EXERCISE DATA -
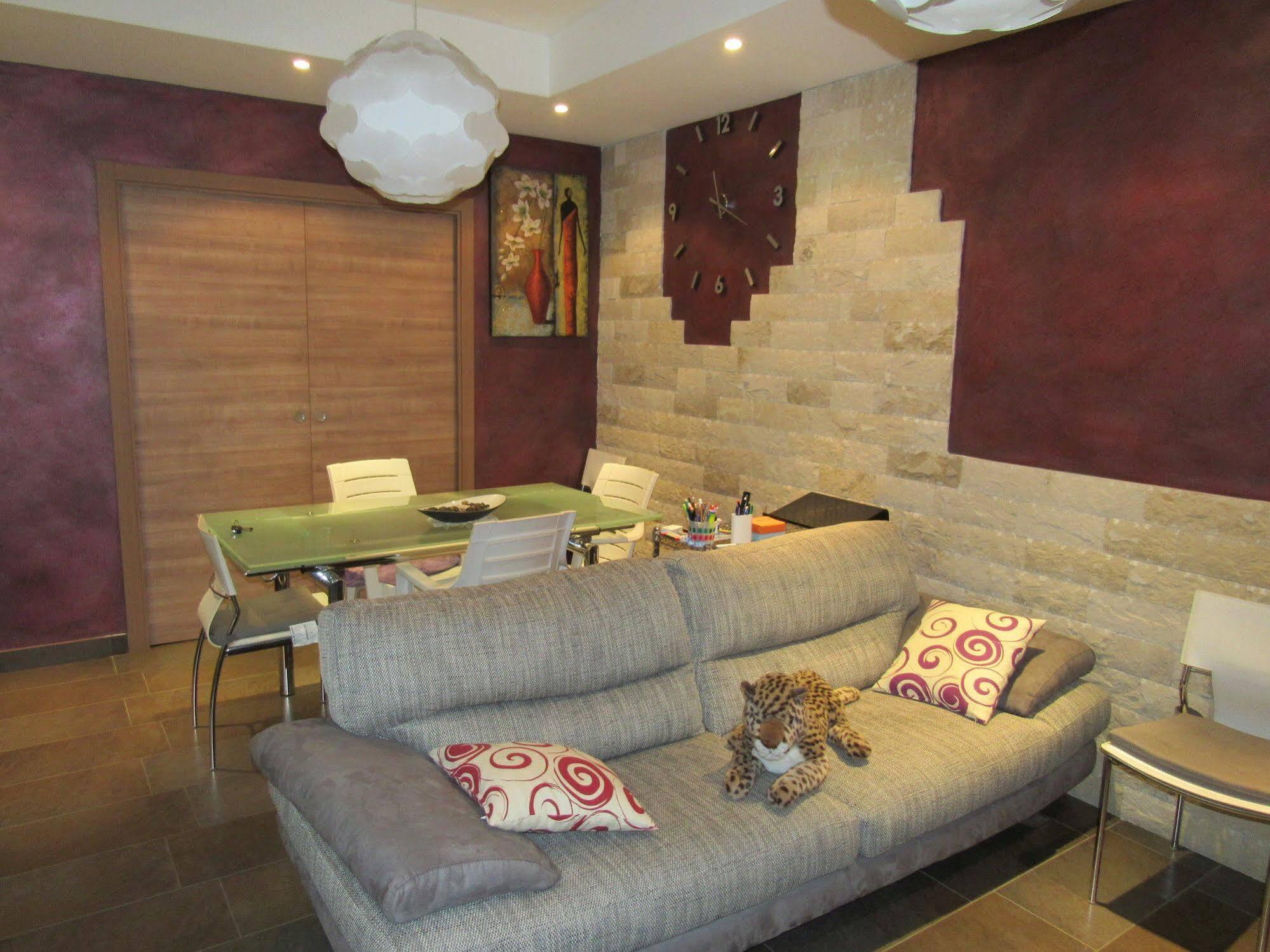 La Voce Del Violino Bed & Breakfast Ragusa Luaran gambar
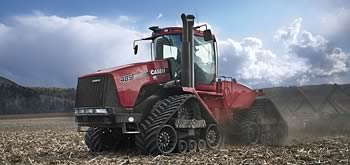 Steiger® 485 tractor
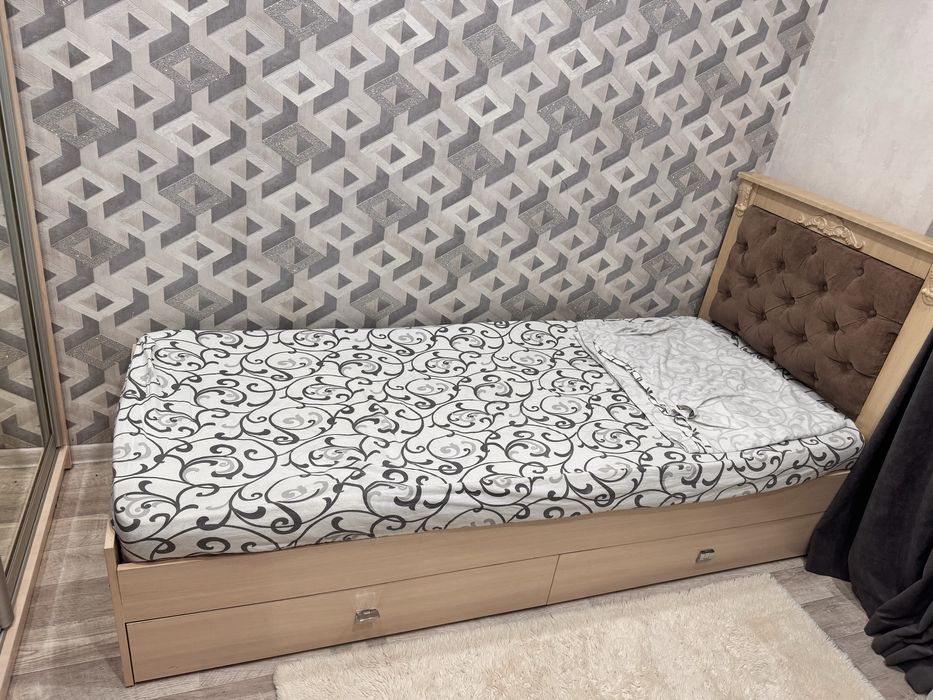 . Продам детскую.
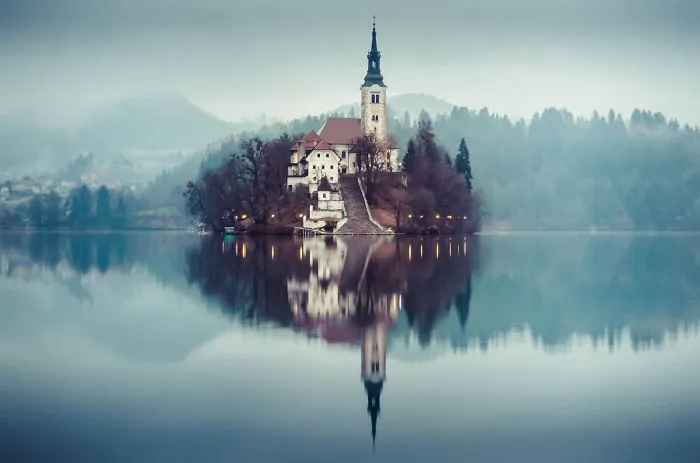 The Most Spectacular Churches In The World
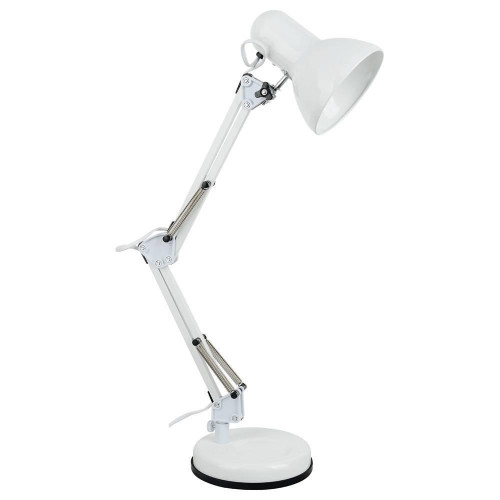настольная лампа arte lamp junior a1330lt-1wh в Сочи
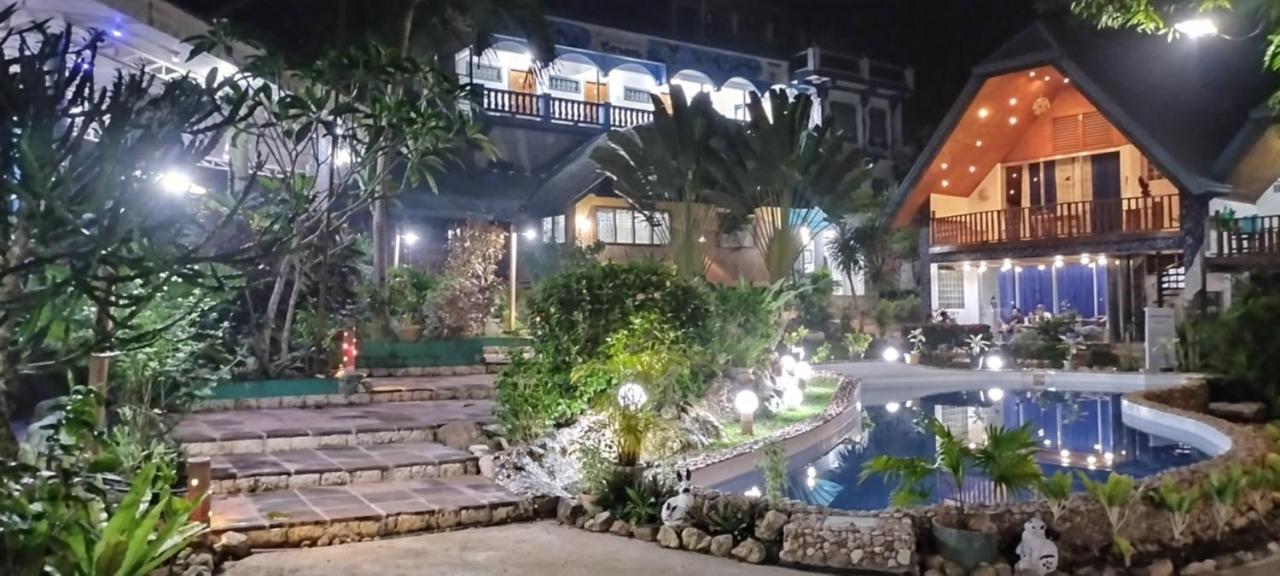 Princess Of Coron Austrian Resort Екстер'єр фото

WHAT IS NEEDED - Print every entry verbatim and leave all pictures out.

ANSWER BELOW -
 La Voce Del Violino Bed & Breakfast Ragusa Luaran gambar
 Steiger® 485 tractor
 . Продам детскую.
 The Most Spectacular Churches In The World
настольная лампа arte lamp junior a1330lt-1wh в Сочи
 Princess Of Coron Austrian Resort Екстер'єр фото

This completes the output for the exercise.